** Data excerpts follows **

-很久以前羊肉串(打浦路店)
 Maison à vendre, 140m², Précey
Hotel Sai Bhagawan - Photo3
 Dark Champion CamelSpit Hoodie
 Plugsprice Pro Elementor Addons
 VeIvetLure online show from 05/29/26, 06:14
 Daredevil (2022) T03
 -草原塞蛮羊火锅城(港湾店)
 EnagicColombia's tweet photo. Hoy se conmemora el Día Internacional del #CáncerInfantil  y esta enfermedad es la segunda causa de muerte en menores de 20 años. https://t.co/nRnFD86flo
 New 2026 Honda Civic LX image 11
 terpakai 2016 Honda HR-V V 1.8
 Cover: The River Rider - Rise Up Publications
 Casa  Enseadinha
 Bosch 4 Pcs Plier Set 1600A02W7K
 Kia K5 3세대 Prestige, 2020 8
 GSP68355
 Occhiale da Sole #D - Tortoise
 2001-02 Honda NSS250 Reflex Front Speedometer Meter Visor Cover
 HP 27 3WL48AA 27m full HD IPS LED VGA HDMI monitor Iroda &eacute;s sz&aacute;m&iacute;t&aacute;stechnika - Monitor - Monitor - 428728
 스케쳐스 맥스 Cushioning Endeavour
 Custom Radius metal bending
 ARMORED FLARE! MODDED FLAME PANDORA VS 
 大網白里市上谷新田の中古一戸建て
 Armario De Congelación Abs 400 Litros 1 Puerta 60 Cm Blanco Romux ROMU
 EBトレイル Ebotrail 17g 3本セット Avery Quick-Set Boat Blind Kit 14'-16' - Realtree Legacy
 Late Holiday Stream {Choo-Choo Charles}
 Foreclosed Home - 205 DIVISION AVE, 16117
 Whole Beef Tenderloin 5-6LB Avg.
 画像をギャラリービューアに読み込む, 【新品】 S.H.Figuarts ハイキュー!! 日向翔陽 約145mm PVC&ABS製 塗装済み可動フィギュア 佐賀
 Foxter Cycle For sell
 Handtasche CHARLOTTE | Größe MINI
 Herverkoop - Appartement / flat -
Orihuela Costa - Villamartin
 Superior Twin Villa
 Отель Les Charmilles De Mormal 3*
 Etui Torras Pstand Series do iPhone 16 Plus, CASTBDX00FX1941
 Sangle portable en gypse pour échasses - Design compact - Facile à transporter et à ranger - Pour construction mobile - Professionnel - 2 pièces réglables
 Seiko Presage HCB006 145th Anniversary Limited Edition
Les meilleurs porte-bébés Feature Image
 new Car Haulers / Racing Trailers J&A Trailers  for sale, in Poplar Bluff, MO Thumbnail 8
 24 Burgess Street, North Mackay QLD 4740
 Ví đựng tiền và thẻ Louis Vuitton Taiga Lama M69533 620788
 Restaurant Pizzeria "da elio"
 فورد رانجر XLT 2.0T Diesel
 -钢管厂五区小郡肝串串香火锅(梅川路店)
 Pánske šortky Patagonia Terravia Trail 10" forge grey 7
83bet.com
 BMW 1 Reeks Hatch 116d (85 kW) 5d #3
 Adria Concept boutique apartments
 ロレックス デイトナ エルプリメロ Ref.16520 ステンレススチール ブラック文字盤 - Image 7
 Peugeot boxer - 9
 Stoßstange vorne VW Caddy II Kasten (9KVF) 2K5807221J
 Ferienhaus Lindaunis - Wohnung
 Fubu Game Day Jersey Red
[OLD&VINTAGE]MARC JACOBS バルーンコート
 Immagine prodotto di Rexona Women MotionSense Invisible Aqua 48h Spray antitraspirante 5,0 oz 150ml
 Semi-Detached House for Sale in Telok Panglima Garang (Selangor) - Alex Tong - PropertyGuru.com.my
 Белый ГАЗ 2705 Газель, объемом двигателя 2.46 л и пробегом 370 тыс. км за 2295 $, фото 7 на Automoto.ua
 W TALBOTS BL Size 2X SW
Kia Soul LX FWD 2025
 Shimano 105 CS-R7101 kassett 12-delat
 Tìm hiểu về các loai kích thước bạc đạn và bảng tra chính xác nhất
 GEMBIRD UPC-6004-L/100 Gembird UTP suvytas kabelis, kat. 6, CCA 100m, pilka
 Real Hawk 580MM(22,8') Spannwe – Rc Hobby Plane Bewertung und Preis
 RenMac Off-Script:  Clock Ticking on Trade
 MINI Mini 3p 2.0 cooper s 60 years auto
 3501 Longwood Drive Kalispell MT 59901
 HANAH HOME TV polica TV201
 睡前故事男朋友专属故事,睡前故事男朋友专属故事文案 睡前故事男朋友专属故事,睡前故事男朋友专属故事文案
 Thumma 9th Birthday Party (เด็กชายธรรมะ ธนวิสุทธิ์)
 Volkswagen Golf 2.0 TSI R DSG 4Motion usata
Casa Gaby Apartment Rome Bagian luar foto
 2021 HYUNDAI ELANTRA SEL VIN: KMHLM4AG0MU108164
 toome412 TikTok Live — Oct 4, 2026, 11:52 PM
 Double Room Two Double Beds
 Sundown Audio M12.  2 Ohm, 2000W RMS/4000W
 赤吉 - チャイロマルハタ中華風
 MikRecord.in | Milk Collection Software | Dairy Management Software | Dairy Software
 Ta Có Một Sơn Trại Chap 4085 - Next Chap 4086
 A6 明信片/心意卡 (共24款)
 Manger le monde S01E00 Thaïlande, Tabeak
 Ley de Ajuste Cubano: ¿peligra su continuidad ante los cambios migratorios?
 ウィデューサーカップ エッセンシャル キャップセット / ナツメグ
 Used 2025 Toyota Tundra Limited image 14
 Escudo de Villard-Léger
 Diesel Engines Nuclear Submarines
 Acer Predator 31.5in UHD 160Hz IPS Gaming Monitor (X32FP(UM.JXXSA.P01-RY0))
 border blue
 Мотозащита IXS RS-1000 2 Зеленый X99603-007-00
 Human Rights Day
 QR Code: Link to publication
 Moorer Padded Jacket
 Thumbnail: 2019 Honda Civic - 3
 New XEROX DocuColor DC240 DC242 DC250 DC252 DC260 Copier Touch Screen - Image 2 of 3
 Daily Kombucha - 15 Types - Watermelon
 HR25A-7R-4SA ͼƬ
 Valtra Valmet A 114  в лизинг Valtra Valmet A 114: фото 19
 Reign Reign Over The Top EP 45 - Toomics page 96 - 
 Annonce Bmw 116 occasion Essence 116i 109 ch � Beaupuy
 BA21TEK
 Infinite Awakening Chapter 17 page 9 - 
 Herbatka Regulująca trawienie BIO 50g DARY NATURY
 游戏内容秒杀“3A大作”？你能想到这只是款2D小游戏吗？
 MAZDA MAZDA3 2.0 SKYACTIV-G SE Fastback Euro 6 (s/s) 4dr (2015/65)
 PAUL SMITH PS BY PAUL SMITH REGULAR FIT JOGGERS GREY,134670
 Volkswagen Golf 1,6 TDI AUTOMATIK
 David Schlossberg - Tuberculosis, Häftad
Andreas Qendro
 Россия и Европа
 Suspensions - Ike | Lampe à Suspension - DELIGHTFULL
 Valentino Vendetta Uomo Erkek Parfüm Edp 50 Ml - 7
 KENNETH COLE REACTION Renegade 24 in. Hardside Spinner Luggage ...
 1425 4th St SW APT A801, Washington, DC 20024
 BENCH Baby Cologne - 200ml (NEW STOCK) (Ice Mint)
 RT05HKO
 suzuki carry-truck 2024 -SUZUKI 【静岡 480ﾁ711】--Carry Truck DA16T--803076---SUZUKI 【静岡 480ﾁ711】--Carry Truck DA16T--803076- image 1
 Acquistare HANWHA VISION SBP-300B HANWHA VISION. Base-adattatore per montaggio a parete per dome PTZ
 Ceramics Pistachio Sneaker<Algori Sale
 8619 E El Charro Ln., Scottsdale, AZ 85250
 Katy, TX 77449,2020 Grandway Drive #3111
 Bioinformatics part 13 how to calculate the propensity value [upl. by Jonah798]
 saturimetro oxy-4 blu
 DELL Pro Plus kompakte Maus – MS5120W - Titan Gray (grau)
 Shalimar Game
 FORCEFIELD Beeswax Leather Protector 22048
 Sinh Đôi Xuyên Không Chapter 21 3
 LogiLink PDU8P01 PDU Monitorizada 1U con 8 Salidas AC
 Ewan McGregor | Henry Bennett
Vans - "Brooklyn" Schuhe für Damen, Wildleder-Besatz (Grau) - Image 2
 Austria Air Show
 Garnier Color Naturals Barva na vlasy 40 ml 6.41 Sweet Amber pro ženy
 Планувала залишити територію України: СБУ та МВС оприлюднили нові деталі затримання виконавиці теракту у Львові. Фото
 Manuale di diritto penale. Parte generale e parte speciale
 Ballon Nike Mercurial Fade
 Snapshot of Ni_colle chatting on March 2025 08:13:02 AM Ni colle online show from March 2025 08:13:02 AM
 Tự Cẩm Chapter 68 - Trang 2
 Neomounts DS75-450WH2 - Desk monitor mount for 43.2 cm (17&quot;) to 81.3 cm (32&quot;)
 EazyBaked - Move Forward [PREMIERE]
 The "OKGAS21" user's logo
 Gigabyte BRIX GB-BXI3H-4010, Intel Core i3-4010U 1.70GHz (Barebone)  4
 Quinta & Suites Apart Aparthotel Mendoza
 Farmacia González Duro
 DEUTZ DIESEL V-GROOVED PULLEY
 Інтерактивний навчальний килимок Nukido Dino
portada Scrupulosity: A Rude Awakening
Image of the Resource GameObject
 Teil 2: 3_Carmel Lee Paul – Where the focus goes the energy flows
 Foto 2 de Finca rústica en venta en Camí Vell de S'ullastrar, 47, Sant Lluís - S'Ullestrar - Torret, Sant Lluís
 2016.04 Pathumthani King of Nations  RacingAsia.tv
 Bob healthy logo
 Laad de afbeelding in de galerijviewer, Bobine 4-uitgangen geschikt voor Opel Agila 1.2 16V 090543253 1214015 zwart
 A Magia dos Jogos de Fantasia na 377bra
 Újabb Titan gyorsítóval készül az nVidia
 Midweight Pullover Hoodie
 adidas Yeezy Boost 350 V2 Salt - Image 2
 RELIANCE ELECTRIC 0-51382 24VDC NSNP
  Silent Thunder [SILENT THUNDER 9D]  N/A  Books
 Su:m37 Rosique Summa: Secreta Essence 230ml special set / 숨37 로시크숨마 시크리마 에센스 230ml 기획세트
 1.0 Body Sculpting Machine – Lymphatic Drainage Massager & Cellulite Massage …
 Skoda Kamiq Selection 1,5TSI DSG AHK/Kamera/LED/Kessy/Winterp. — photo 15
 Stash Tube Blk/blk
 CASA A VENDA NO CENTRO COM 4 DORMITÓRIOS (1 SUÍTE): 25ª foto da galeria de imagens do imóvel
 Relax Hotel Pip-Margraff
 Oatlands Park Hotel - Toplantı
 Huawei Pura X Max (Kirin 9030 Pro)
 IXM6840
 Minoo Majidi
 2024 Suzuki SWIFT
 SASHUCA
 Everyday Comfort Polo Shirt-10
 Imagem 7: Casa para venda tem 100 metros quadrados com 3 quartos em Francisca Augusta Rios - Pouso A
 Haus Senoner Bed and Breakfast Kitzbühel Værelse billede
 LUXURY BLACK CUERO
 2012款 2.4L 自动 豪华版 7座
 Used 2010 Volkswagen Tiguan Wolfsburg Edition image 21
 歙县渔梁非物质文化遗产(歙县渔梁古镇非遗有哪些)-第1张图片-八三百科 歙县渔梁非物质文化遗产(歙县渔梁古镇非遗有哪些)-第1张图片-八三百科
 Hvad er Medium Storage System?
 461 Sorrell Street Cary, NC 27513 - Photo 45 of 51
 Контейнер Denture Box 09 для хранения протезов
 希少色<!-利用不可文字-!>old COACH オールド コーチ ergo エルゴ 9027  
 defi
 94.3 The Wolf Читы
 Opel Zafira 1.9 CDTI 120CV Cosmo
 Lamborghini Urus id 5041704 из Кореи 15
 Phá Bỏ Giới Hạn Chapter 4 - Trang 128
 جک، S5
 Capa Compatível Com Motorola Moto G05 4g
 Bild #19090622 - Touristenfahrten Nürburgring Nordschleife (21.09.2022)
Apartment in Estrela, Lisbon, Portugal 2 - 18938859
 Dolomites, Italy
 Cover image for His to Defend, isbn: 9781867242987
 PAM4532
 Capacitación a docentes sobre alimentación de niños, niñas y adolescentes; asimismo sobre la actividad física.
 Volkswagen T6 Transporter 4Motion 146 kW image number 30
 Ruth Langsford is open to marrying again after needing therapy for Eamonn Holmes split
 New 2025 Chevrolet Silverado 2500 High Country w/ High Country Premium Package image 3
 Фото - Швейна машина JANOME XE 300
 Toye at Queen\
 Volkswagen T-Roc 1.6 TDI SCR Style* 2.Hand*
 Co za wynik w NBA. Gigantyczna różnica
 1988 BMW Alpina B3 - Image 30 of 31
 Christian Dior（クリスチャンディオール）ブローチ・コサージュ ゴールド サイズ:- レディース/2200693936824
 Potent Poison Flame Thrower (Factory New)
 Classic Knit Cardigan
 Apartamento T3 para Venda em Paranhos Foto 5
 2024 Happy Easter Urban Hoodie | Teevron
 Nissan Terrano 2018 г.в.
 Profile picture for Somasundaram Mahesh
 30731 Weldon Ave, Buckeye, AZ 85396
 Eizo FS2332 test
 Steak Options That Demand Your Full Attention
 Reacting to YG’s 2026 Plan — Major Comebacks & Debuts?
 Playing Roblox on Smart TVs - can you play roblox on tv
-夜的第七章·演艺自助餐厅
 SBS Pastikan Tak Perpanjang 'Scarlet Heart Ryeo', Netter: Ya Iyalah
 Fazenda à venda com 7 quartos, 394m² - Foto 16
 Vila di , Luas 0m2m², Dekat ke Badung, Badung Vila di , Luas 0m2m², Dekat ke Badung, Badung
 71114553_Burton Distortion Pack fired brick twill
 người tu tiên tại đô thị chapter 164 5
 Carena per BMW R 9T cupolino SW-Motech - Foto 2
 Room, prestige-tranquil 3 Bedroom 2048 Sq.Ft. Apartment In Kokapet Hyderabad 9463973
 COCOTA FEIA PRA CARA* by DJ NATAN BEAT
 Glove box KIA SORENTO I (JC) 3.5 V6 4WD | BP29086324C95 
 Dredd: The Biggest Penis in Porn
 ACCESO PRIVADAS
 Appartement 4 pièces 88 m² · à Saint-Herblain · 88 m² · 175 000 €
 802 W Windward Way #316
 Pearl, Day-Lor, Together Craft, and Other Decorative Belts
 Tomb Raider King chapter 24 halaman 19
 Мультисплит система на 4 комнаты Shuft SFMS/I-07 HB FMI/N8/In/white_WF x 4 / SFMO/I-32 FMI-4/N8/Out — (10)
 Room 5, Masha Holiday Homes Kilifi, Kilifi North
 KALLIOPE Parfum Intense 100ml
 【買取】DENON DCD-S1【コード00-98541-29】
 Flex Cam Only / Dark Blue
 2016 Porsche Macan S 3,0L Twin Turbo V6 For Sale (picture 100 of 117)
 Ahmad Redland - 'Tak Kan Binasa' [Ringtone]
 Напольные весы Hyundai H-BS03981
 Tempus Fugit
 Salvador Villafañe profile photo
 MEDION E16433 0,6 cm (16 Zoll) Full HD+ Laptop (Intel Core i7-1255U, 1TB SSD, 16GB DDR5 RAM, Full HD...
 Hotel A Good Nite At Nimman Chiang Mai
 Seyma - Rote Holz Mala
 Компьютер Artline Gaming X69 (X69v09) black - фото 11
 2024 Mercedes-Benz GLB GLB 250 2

** End of Data excerpts **

— Required action —
Using the entries, return every line where the word "Twin" can be found.

— Solution to this problem —
 Superior Twin Villa
 2016 Porsche Macan S 3,0L Twin Turbo V6 For Sale (picture 100 of 117)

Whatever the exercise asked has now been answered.